Recordá que siempre podés deshabilitar por completo los gestos de tres/cuatro dedos si te resultan intrusivos (opción Nada), o duplicar el esquema en ambos para tener redundancia muscular.
Trucos finos, límites por fabricante y cómo evitar problemas
Todos los gestos mencionados vienen de fábrica en Windows 11 para equipos con Precision Touchpad (la tecnología que estandariza sensibilidad y gestos a nivel del sistema). En muchos portátiles modernos —incluidos modelos con touchpads amplios, como el MateBook 16s— la experiencia es muy sólida. Sin embargo, hay matices:
- Software del fabricante. Marcas con controladores propios (Synaptics, ELAN o utilidades OEM) pueden sumar gestos o atajos extra. Vale la pena abrir su panel y revisar si hay gestos avanzados no expuestos en Configuración de Windows, como bordes activos o atajos específicos de la marca.

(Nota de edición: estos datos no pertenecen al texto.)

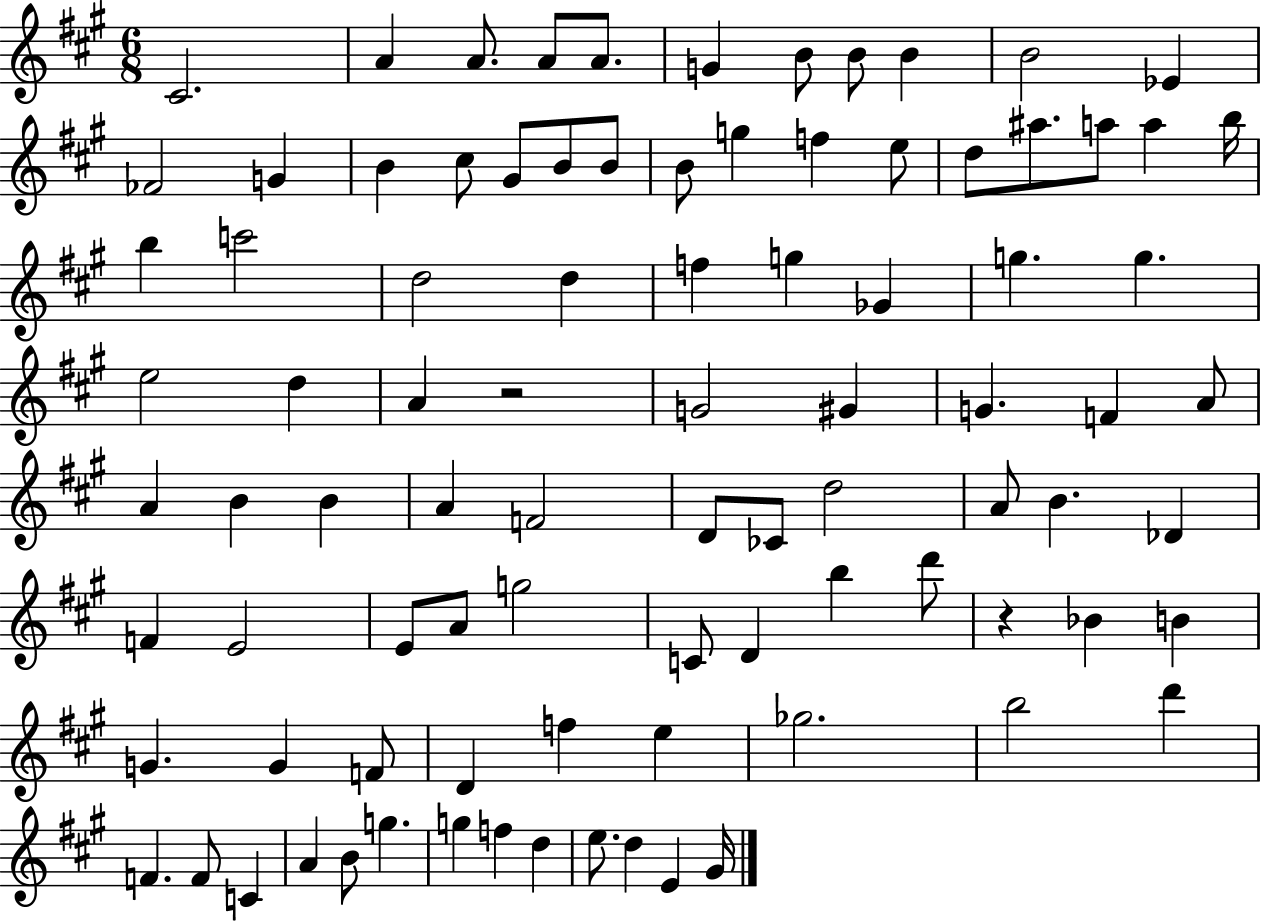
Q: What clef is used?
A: treble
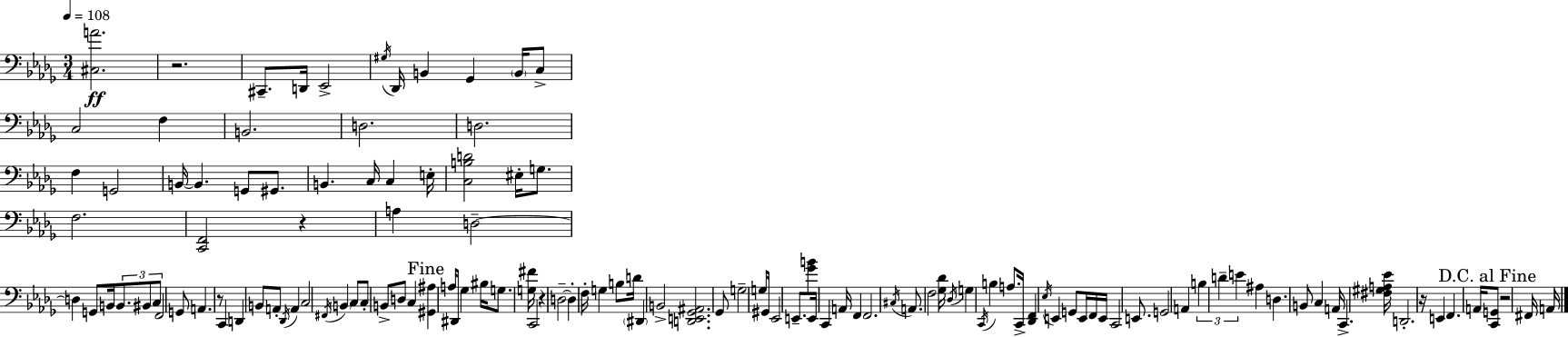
[C#3,A4]/h. R/h. C#2/e. D2/s Eb2/h G#3/s Db2/s B2/q Gb2/q B2/s C3/e C3/h F3/q B2/h. D3/h. D3/h. F3/q G2/h B2/s B2/q. G2/e G#2/e. B2/q. C3/s C3/q E3/s [C3,B3,D4]/h EIS3/s G3/e. F3/h. [C2,F2]/h R/q A3/q D3/h D3/q G2/e B2/s B2/e. BIS2/e C3/e F2/h G2/e A2/q. R/e C2/q D2/q B2/e A2/e Db2/s A2/q C3/h F#2/s B2/q C3/e C3/e B2/e D3/e C3/q [G#2,A#3]/q A3/s D#2/e Gb3/q BIS3/s G3/e. [G3,F#4]/s C2/h R/q D3/h D3/q F3/s G3/q B3/e D4/s D#2/q B2/h [D2,E2,Gb2,A#2]/h. Gb2/e G3/h G3/e G#2/s Eb2/h E2/e. [Gb4,B4]/e E2/s C2/q A2/s F2/q F2/h. C#3/s A2/e. F3/h [Gb3,Db4]/s Db3/s G3/q C2/s B3/q A3/e. C2/s [Db2,F2]/q Eb3/s E2/q G2/e E2/s F2/s E2/s C2/h E2/e. G2/h A2/q B3/q D4/q E4/q A#3/q D3/q. B2/e C3/q A2/s C2/q. [F#3,G#3,A3,Eb4]/s D2/h. R/s E2/q F2/q. A2/s [C2,G2]/e R/h F#2/s A2/s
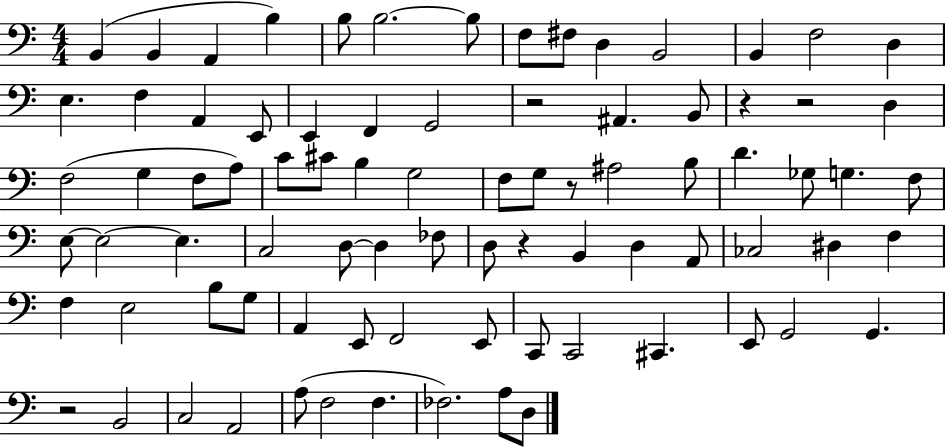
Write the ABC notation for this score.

X:1
T:Untitled
M:4/4
L:1/4
K:C
B,, B,, A,, B, B,/2 B,2 B,/2 F,/2 ^F,/2 D, B,,2 B,, F,2 D, E, F, A,, E,,/2 E,, F,, G,,2 z2 ^A,, B,,/2 z z2 D, F,2 G, F,/2 A,/2 C/2 ^C/2 B, G,2 F,/2 G,/2 z/2 ^A,2 B,/2 D _G,/2 G, F,/2 E,/2 E,2 E, C,2 D,/2 D, _F,/2 D,/2 z B,, D, A,,/2 _C,2 ^D, F, F, E,2 B,/2 G,/2 A,, E,,/2 F,,2 E,,/2 C,,/2 C,,2 ^C,, E,,/2 G,,2 G,, z2 B,,2 C,2 A,,2 A,/2 F,2 F, _F,2 A,/2 D,/2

- Actualizaciones de drivers. Si notás 'microcortes' o latencia, verificá en Windows Update > Actualizaciones opcionales y en la web del fabricante si hay drivers recientes del touchpad. Una versión nueva suele corregir saltos del cursor y mejorar la detección de toques múltiples.
- Evitar desactivaciones accidentales. Si escribís mucho y el cursor 'salta', probá bajar la sensibilidad de pulsaciones o activar la opción para deshabilitar toques mientras tecleás (algunos OEM la incluyen).
- Compatibilidad con apps. En softwares de diseño o VMs, el gesto de zoom por pinza puede no responder igual. Alterná con Ctrl + rueda (emulada con dos dedos) o reasigná el gesto a otra acción.
- Gestos y batería. En equipos muy justos de energía, reducir sensibilidad y desactivar zoom por pinza puede rascar minutos extra; los sensores están siempre a la escucha.
Ruta de rescate si algo sale mal: si una mala combinación te complica, volvé a Configuración > Bluetooth y dispositivos > Panel táctil y tocá Restablecer (si está disponible), o desactiva temporalmente los gestos avanzados para recuperar control. Tené a mano un mouse USB para emergencias.
Ya sabés, el touchpad ya no es un sustituto del ratón: bien configurado, es un panel de atajos que ahorra clics, te mantiene enfocado y reduce el cambio constante de manos. Con los ajustes básicos (velocidad, pulsaciones y scroll) y, sobre todo, con gestos de tres y cuatro dedos pensados para tu flujo —productividad, edición o navegación—, Windows 11 convierte cualquier portátil en una máquina más ágil. Sumá los extras del fabricante cuando existan, mantené los drivers al día y no dudes en experimentar hasta que los gestos se vuelvan memoria muscular. Tu rutina (y tus muñecas) lo van a agradecer.